Steve Tshwete then interjected, “We continued to turn our cheek even after we adopted armed struggle, but in the meantime the so-called white civilians in our country have been expressing complicity in this crime of genocide against our people. When they crossed the borders into Lesotho in 1982, massacred women and children and even innocent Lesotho citizens, an opinion poll was held after the raid and over 90 percent of the white population said, ‘well done boys’”.
Following Tshwete’s comments, Hani added that “Their life is good. They go to their cinemas, they go to their braaivleis, they go to their hotels. Apartheid guarantees a happy life for them, a sweet life. Part of our campaign is to prevent that sweet life”.
At the end of the interview, Hani ended with a conciliatory note, saying: “We are saying to the whites: fellow countrymen. Let us join together and save our country from this madman [P.W. Botha] so that it remains a prosperous country. There is a place for all of us. It is a big country. We accept that you are fellow South Africans who must rule this country together. We are not asking for the monopoly of ruling South Africa as blacks. It is not a racial struggle. We are not saying ‘power to the ANC’ but ‘power to the people of South Africa’. We are not advocating a one-party state. We are advocates of parliamentary democracy. But not fascist and racist parties.”

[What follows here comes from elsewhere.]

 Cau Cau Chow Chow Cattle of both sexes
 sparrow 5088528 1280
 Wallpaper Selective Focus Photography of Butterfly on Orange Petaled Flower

Chris Hani displayed both indifference and disappointment at the false depiction of himself by the apartheid regime, as a bloodthirsty black communist, committed to the murder of white women and children. Prior to this interview with The Times of London newspaper, Chris Hani had made a speech broadcast on the ANC’s Radio Freedom on 1 March 1986, as MK Commissar, wherein he maintained that: “We are saying comrades (…) that our country is in a state of civil war. It is true that so far the brunt of suffering has been borne by our people. Our people are attending funerals, our people are mourning for their dead, but comrades, Umkhonto we Sizwe, instructed by the leadership of the ANC, is gearing itself to step up activity in white areas so that the entire country should be ungovernable.”
“I want to elaborate on this question of extending the struggle to the white areas”, Chris Hani added. “We don’t want to be misunderstood. Unlike Botha. Le Grange, Malan and Chris Heunis, who go out of their way to butcher children, defenceless and unarmed children, old people, black civilians, Umkhonto we Sizwe is a revolutionary army and is not going to embark on mayhem against white civilians, against children, but we are going to step up our attacks against enemy personnel. We are referring to the members of the police force, to the members of the SADF, to those in the administration terrorising and harassing our people, to those farmers and other civilians who are part of the defence force of this country, the military, paramilitary and reserves. The theatre of these actions is going to be in the white residential areas, and it is inevitable that white civilians will die” (ANC Second TRC Submission).
The analysis that emerged was that this campaign of extending the struggle to the white areas was in line with ANC President Oliver Tambo’s orders in the 8 January 1988 Statement, in which he argued that “The reasons which compelled us to take up arms have not changed. Rather, by its actions, the Pretoria regime leaves us no choice but further to escalate our military offensive for the victory of the democratic cause. The armed struggle constitutes the spearhead of our general offensive, a crucial element in our response to the violence of the racist regime. We must raise the level of this struggle in a decisive manner, draw the masses of our people into actual combat and realise our objective of transforming our armed actions into a people’s war. The call we made in the past – every patriot a combatant, every combatant a patriot – continues to be of central relevance in all our work.”
“Accordingly,” Tambo continued, “we charge the heroic people’s army, Umkhonto we Sizwe, with the responsibility of ensuring that we realise this perspective. From all our commanders and combatants and from the people themselves, acting as the mass combat army of the revolution, we expect a level of boldness, daring, courage and effectiveness in our actions against the enemy that will create a qualitatively new stage in our struggle” (Sechaba, March 1988).
This was reiterated by the SACP in its Editorial titled “Forward to Battle on Every Front”, in which it declared, “Despite the emergency, despite the arrests and detentions, the torture and the killings and executions, 1988 showed that the initiative remains in the hands of the ANC and its allies in the liberation and mass democratic movement. Only they have the vision and potential power to shift irreversibly the balance of class and national forces in South Africa so that apartheid can be destroyed and a new life built on the foundations set out in the Freedom Charter. It is an awesome but inspiring responsibility” (The African Communist, No. 116, First Quarter 1989).
Sources:
Wikipedia.
South African History Online (SAHO).
Editorial Notes, “Forward to Battle on Every Front”, The African Communist, No. 116, First Quarter 1989.
African National Congress, “Further Submissions and Responses by the African National Congress to Questions Raised by the Commission for Truth and Reconciliation”, 12 May 1997.
John Battersby, “Notes of Meeting with Chris Hani, Chief-of-Staff and Deputy Commander of Umkhonto we Sizwe, and Steve Tshwete, Political Commissar, 3rd June, 1988, Lusaka Zambia”, The Times of London, 3 June 1988.
Rebone Tau, “Chris Hani’s Dream Deferred”, Rosa Luxemburg Foundation, 10 April 2023.
Jan-Ad Stemmet and Leo Barnard “Oliver Tambo and the Ghost of Struggle Past”, Southern Journal for Contemporary History, Vol. 26 No. 2, 2001.
John D. Battersby, “South African Rebel Commander: A Portrait in Erudition and Ruthlessness”, The New York Times, 12 June 1988.
Thula Simpson, “Umkhonto we Sizwe: The ANC’s Armed Struggle”, Penguin, 2016.
Janet Smith and Beauregard Tromp, “Hani: A Life Too Short (A Biography), Jonathan Ball, 2009.